Tribunal que julgou os criminosos nazistas antecipou Corte de Haia

Nuremberg completa 60 anos

TONY PATERSON
DO "INDEPENDENT", EM BERLIM

Antigos promotores das forças aliadas e testemunhas retornaram ao tribunal de Nuremberg, onde os líderes do regime nazista, de Adolf Hitler, foram submetidos a julgamento, para marcar o 60º aniversário dos julgamentos históricos que estabeleceram o precedente mundial de submeter criminosos de guerra à Justiça.
Whitney Harris, um dos principais promotores americanos nos julgamentos de Nuremberg, em que 19 líderes nazistas foram condenados por crimes contra a humanidade, juntou-se a ex-advogados aliados e repórteres alemães do tribunal que participaram dos procedimentos históricos, que começaram em 20/ 11/45.
Harris, hoje na casa dos 80 anos, admitiu que, antes dos julgamentos começarem, ele e seus colegas tinham pouca idéia da enormidade dos crimes. "Não tinha a menor idéia da escala do genocídio que ocorrera na Alemanha.
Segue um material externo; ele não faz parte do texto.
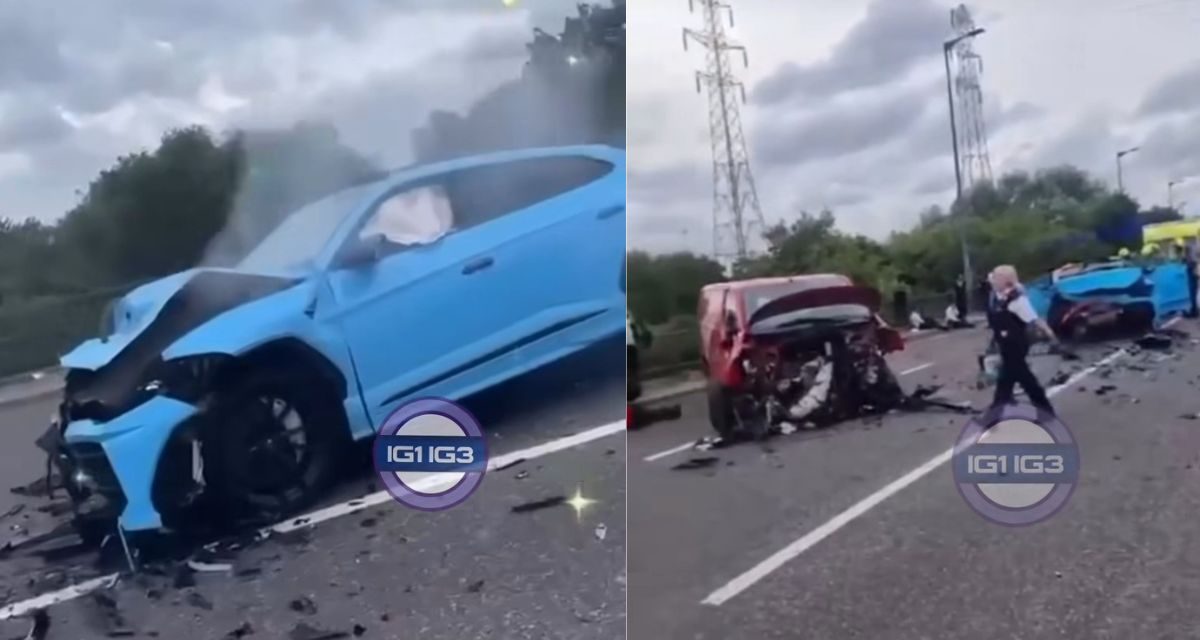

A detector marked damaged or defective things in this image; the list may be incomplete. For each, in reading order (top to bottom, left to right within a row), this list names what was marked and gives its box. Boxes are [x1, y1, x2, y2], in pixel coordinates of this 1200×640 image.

dented hood [60, 266, 304, 372]
broken body panel [46, 145, 628, 533]
dented hood [748, 283, 883, 324]
damaged front bumper [51, 396, 200, 530]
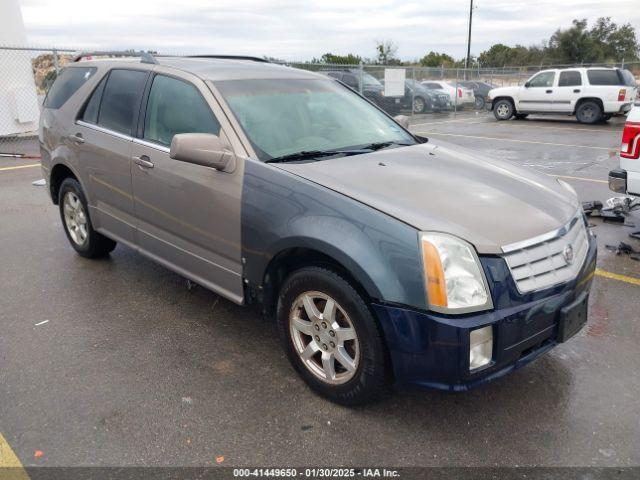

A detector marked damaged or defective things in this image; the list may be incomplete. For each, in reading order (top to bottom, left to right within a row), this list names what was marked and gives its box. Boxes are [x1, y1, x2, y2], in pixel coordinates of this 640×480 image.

damaged front bumper [372, 234, 596, 392]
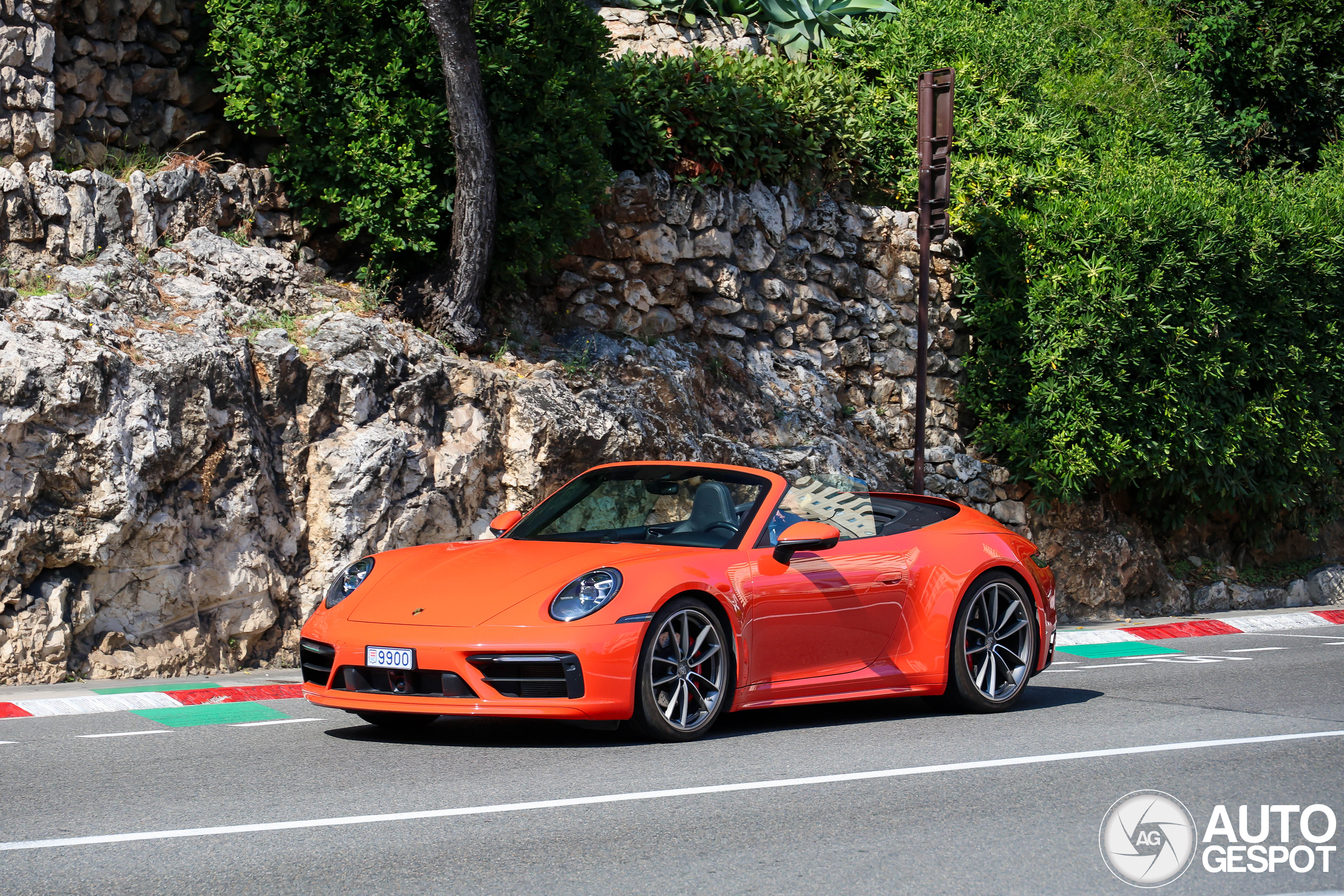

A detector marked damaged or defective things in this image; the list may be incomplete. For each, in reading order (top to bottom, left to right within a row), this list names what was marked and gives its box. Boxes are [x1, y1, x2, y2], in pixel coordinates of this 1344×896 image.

rusty metal post [916, 70, 958, 496]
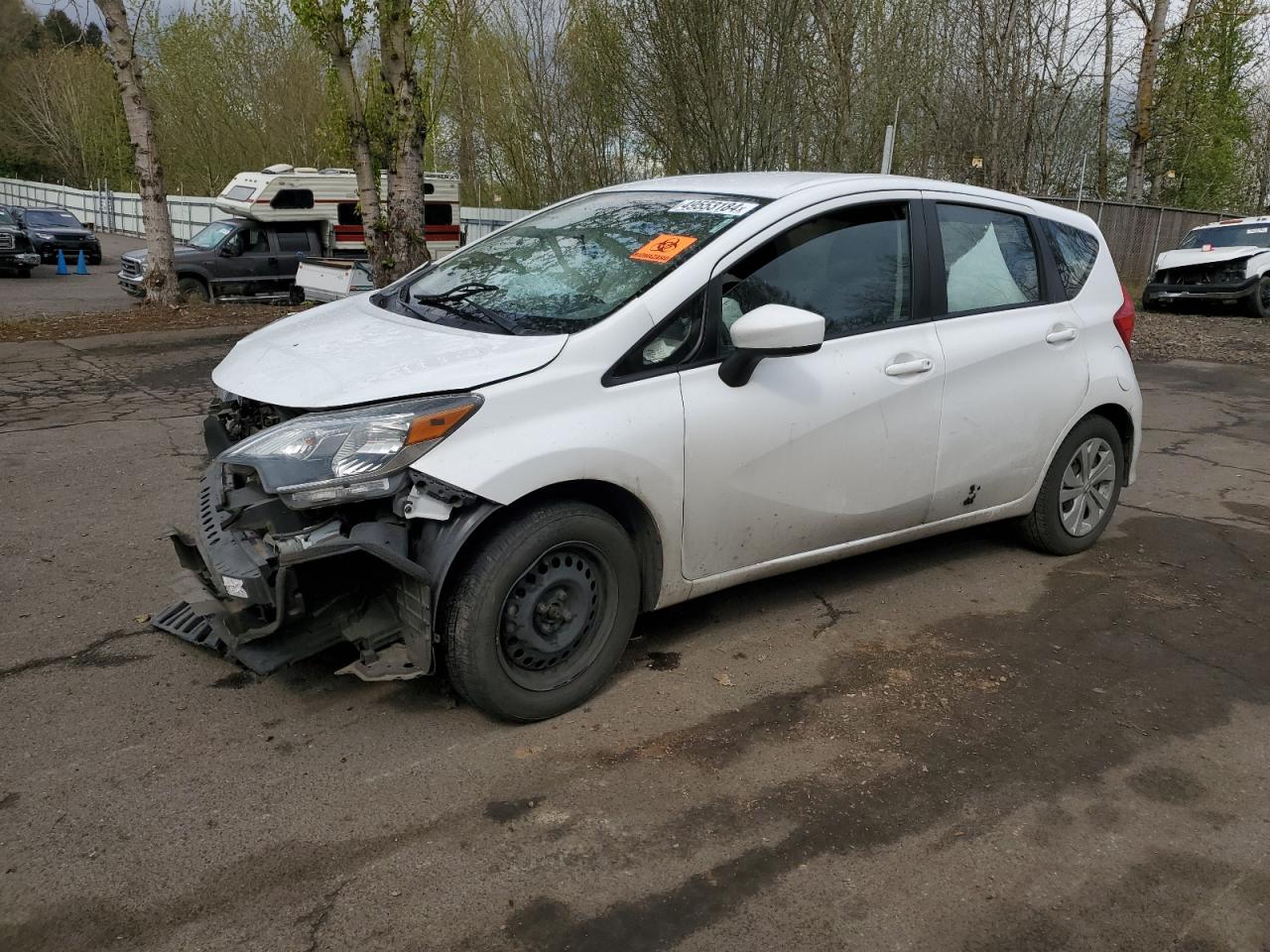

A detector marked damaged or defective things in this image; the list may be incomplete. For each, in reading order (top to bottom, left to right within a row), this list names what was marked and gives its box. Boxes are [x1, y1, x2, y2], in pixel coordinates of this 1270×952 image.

damaged front end [152, 393, 495, 680]
cracked asphalt [0, 329, 1264, 952]
white damaged suv [153, 174, 1148, 721]
white damaged suv [1148, 215, 1270, 320]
Quando iniciamos nossas investigações, não dispúnhamos de muitas evidências sólidas", explicou.
Várias evidências-chave sobre o Holocausto foram obtidas no tribunal por meio do interrogatório -conduzido por Harris- do comandante do campo de Auschwitz, Rudolf Hess, que admitiu ter transformado o campo de concentração em um centro de extermínio de judeus e ciganos.

Fenômeno transcendente
Durante os julgamentos, o tribunal ouviu testemunhos nauseantes de vítimas do Holocausto e assistiu a uma série de documentários dilacerantes que mostraram pilhas de cadáveres emaciados e os sobreviventes cadavéricos encontrados nos campos quando as forças aliadas os libertaram, em 1945.
Harris disse ontem que levou 20 anos para superar suas memórias. "Mesmo hoje, esse acontecimento ainda me afeta profundamente. Mas todos esses crimes medonhos não constituem fenômeno exclusivamente alemão", acrescentou.
O primeiro dia do julgamento foi ocupado pela leitura do documento de 24 mil palavras de indiciamento de vários líderes nazistas, incluindo o ex-chefe da Força Aérea alemã Hermann Goering, o vice de Hitler, Rudolf Hess, e o ministro do Exterior, Joachim von Ribbentrop.
Goering, que cometeu suicídio em sua cela pouco antes de sua execução programada, foi um dos 12 líderes nazistas condenados à morte. Três líderes nazistas foram absolvidos. Os restantes, entre eles Rudolf Hess e Albert Speer, o arquiteto de Hitler, foram sentenciados a longas penas de prisão. Hess cometeu suicídio em 1986 na prisão de Spandau, em Berlim.
Apesar do papel exercido pelos julgamentos de Nuremberg na criação de um precedente internacional para a abertura de processos legais contra criminosos de guerra, evidências recentes indicam que, na Alemanha, décadas após a guerra, suas conclusões foram vistas em grande medida como exemplos de "justiça dos vencedores".
Uma sondagem secreta conduzida pelo Departamento de Estado dos EUA e divulgada há três anos constatou que, até a década de 70, a maioria dos alemães não via como justos os julgamentos de Nuremberg.
Ontem a mídia alemã foi unânime em elogiar os julgamentos. "Sem Nuremberg, a Corte Internacional de Justiça em Haia e os julgamentos de pessoas como Slobodan Milosevic e Saddam Hussein teriam sido impensáveis", escreveu o jornal berlinense "Der Tagesspiegel".